I've installed drm-kmod as per your request, have added `kld_list="/boot/modules/i915kms.ko"` to /etc/rc.conf. I've added the linuxkpi lines you gave to /boot/loader.conf.

I've rebooted the laptop.

i915kms is loaded now.

Same effect, `acpiconf -s 3` suspends the laptop but when it comes back the screen is blank. I am able to SSH into it, however.

I have a number of these laptops. A T400, R400, X200, and R500. Generally not had much luck with suspend on them.


----------



## Mjölnir (Sep 15, 2020)

Is `sysctl hw.pci.do_power_suspend=1`?  You can try `sysctl hw.acpi.reset_video=1`.  Both can be put into sysctl.conf(5).  EDIT: Your R400 is not listed in the wiki, but the X200 is reported to suspend/resume.


----------



## eldaemon (Sep 15, 2020)

`hw.pci.do_power_suspend` is set to 1, had to set `hw.acpi.reset_video` to 1.

With `hw.acpi.reset_video` set to 1, it's even worse. It won't come out of sleep at all. Can't ping it, etc, the sleep icon stays lit on the laptop. So nothing resumes, I have to kill it holding down the power button.

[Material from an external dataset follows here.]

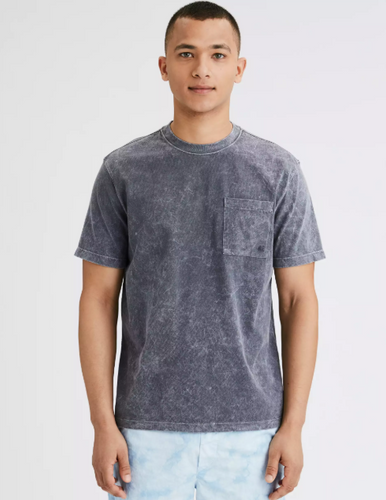 AE VINTAGE WASH DYE EFFECT POCKET T-SHIRT - Naughty Panda Outlet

I also installed X and with `startx` the display is glitchy (you can tell there's mouse movement). No text is readable, it's in some strange mode.


----------



## kpedersen (Sep 15, 2020)

Suspending from X seems to be doing better.

Have you tried alternating between different VTs after resume? i.e ctrl-alt-F1, ctrl-alt-F2 and then back again. I have one specific Thinkpad that needs that. If it solves it we can automate it by adding a small command in /etc/rc.resume.


----------



## eldaemon (Sep 15, 2020)

I did not try that.

I did have luck, however. Once booted if I `kldload i915kms`, it clearly goes into a framebuffer mode (text gets much smaller, can hold more characters on screen -- native resolution). If I suspend then, video does not come back. If I `startx` while the screen is blank, X comes up and works fine. Suspending from X and coming back works. If I quit the window manager/X and go back to the TTY, it also works after suspend.t.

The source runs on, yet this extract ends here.